> **Provided material**:
%%
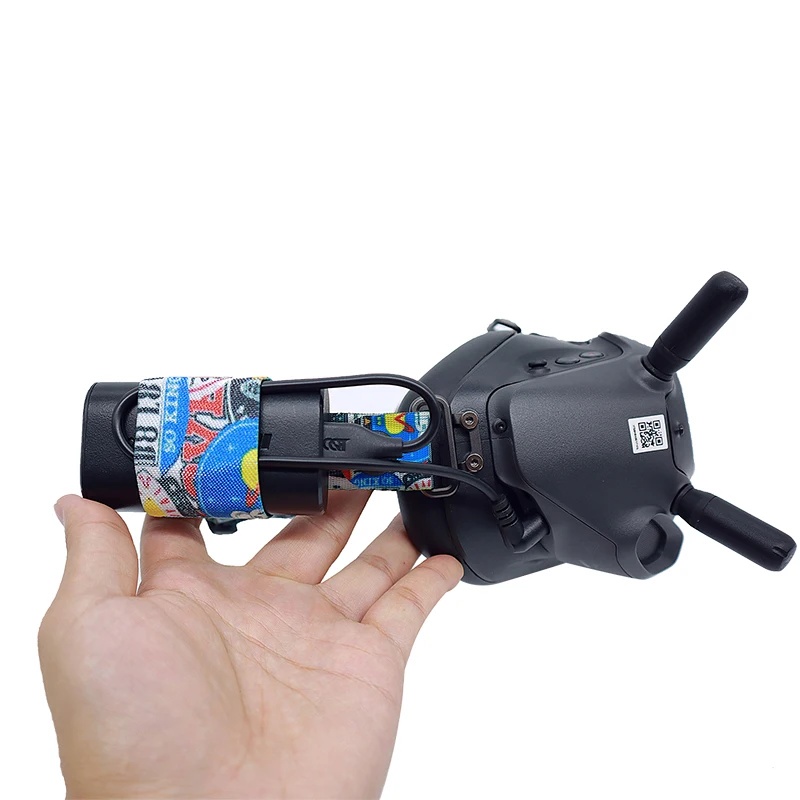 Headstrap For DJI FPV Goggles  - Drone Goggles Dji ulasan dan harga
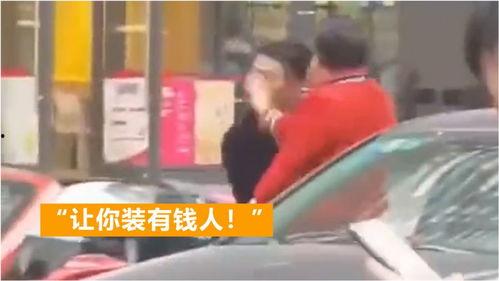 抽车最新爆料新闻报道,最新爆料揭示行业变革与未来趋势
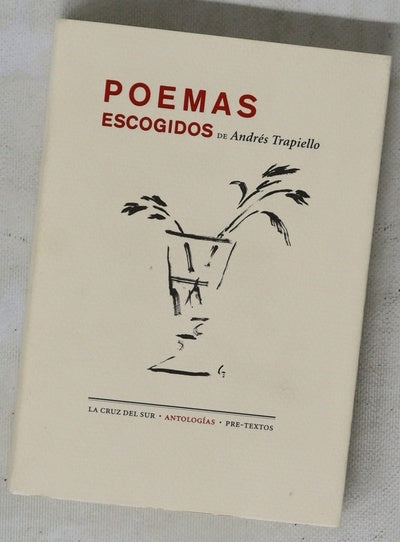 Poemas escogidos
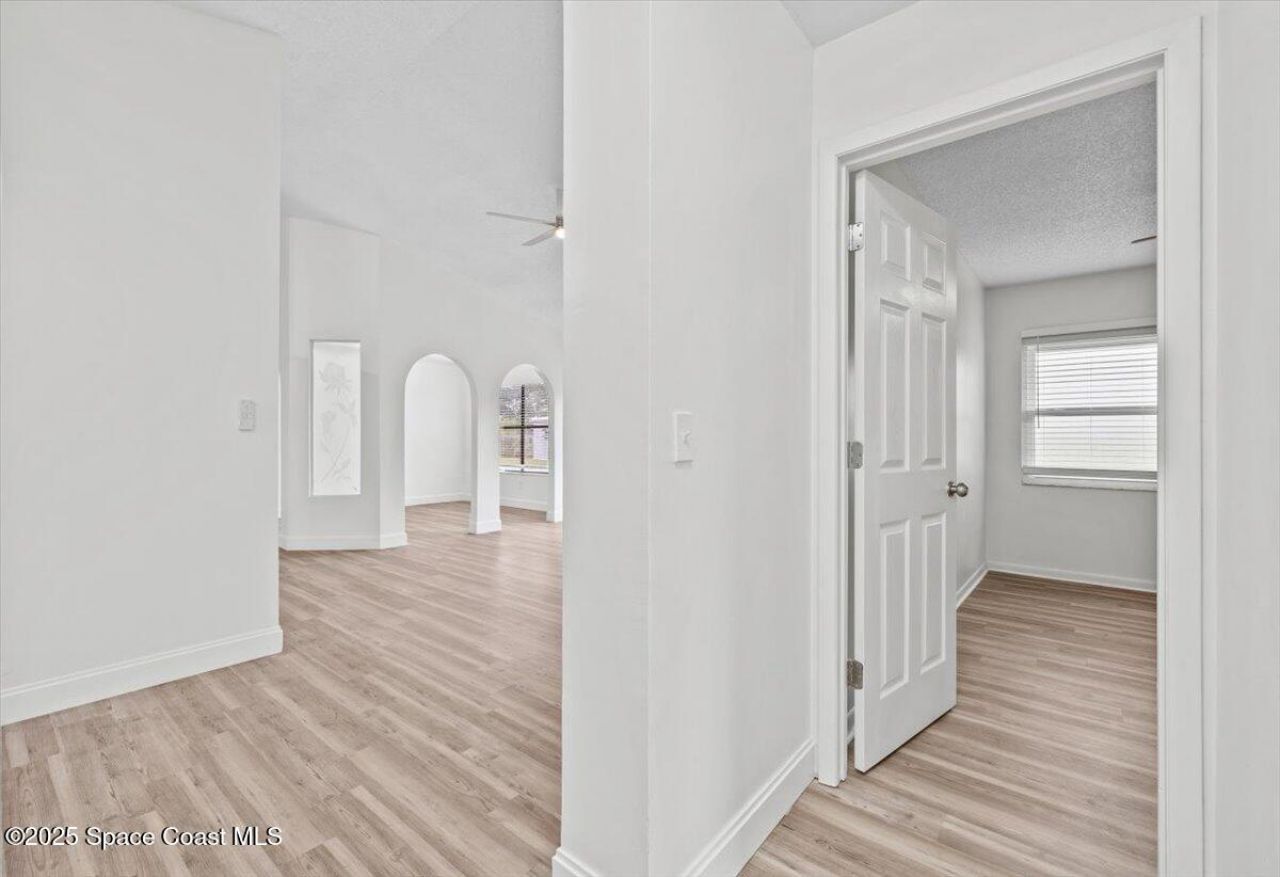 1051 Flower Street Nw, Palm Bay, FL 32907 Photo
%%
> **What to do**: With the pictures left out, return the listing above exactly as it stands.

> **Exercise solution**:
 Headstrap For DJI FPV Goggles  - Drone Goggles Dji ulasan dan harga
 抽车最新爆料新闻报道,最新爆料揭示行业变革与未来趋势
 Poemas escogidos
 1051 Flower Street Nw, Palm Bay, FL 32907 Photo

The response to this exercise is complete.